▶ **What you are asked to do**: Every entry needs to be given again exactly as it reads.

▶ **Extracted information**:
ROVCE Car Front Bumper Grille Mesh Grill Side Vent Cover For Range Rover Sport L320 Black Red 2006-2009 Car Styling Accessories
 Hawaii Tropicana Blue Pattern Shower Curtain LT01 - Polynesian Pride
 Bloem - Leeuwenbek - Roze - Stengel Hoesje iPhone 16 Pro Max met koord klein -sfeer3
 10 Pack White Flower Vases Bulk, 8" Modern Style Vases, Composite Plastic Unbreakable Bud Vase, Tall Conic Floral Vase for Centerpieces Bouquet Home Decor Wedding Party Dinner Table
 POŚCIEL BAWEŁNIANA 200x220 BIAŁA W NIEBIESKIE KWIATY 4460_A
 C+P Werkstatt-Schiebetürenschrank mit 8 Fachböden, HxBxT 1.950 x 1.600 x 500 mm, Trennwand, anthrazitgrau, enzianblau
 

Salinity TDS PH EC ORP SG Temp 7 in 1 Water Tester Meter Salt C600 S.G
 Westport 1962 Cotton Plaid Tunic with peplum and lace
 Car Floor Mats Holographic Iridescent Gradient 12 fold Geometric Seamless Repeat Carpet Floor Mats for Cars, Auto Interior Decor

▶ **Final answer**:
ROVCE Car Front Bumper Grille Mesh Grill Side Vent Cover For Range Rover Sport L320 Black Red 2006-2009 Car Styling Accessories
 Hawaii Tropicana Blue Pattern Shower Curtain LT01 - Polynesian Pride
 Bloem - Leeuwenbek - Roze - Stengel Hoesje iPhone 16 Pro Max met koord klein -sfeer3
 10 Pack White Flower Vases Bulk, 8" Modern Style Vases, Composite Plastic Unbreakable Bud Vase, Tall Conic Floral Vase for Centerpieces Bouquet Home Decor Wedding Party Dinner Table
 POŚCIEL BAWEŁNIANA 200x220 BIAŁA W NIEBIESKIE KWIATY 4460_A
 C+P Werkstatt-Schiebetürenschrank mit 8 Fachböden, HxBxT 1.950 x 1.600 x 500 mm, Trennwand, anthrazitgrau, enzianblau
 

Salinity TDS PH EC ORP SG Temp 7 in 1 Water Tester Meter Salt C600 S.G
 Westport 1962 Cotton Plaid Tunic with peplum and lace
 Car Floor Mats Holographic Iridescent Gradient 12 fold Geometric Seamless Repeat Carpet Floor Mats for Cars, Auto Interior Decor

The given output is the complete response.